Otros tres guardias fueron apuñalados en el cuello. La prisión está a un paseo de cinco minutos en auto del hospital Marin General, así que ahí es donde los guardias heridos fueron llevados. La gente que los llevó eran tres tipos de policías, incluyendo Patrulleros de Carretera de California y Sheriffs del Condado de Marin, altamente armados.

Habían policías en el techo del hospital con rifles; estaban en los pasillos, invitando a pacientes y visitantes a volver a sus cuartos.Cuando fui llevada en silla de ruedas hacia fuera de Recuperación más tarde ese día, vendada de la cintura a los tobillos, tres oficiales y un sheriff armado me registraron.

En las noticias esa noche, hubo un seguimiento del disturbio. Mostraron a mi cirujano hablándole a reporteros, indicando, con un dedo en la garganta, cómo había salvado a un guardia cosiendo de oreja a oreja.

Esto lo vi en televisión, y porque era mi doctor, y porque los pacientes de hospitales son ensimismados, y porque estaba dopada, pensaba que el cirujano estaba hablando de mí. Pensé que estaba diciendo, “Bueno, está muerta. Se lo estoy anunciando a ella en su cama”.

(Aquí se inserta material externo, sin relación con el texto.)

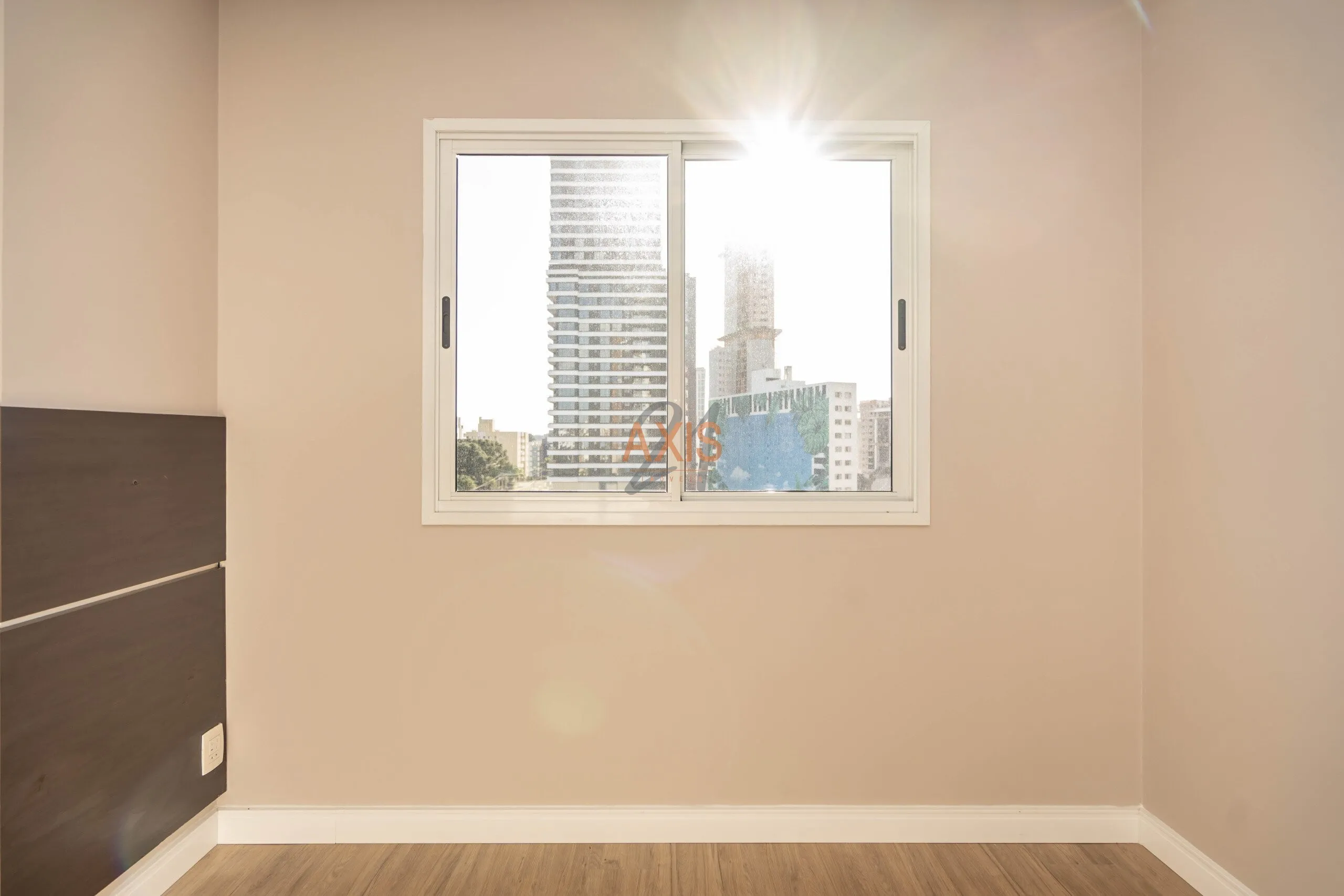 Apartamento de 3 Quartos à Venda no Edifício Solar Treviso | Bigorrilho Curitiba — foto 19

El psiquiatra que vi por derivación del cirujano dijo que el sentimiento era bastante común. Ella dijo que las víctimas de traumas que aún no han asimilado el trauma creen que están muertas y que no lo saben.

Los grandes tiburones blancos en las aguas cerca de mi casa atacan de una a siete personas al año. Su principal víctima es el buzo de abalón. Con los bistecs de abalón en treinta y cinco dólares el kilo y subiendo, el Departamento de Pesca y Juego espera que los tiburones no muestren ni un rastro de disminución.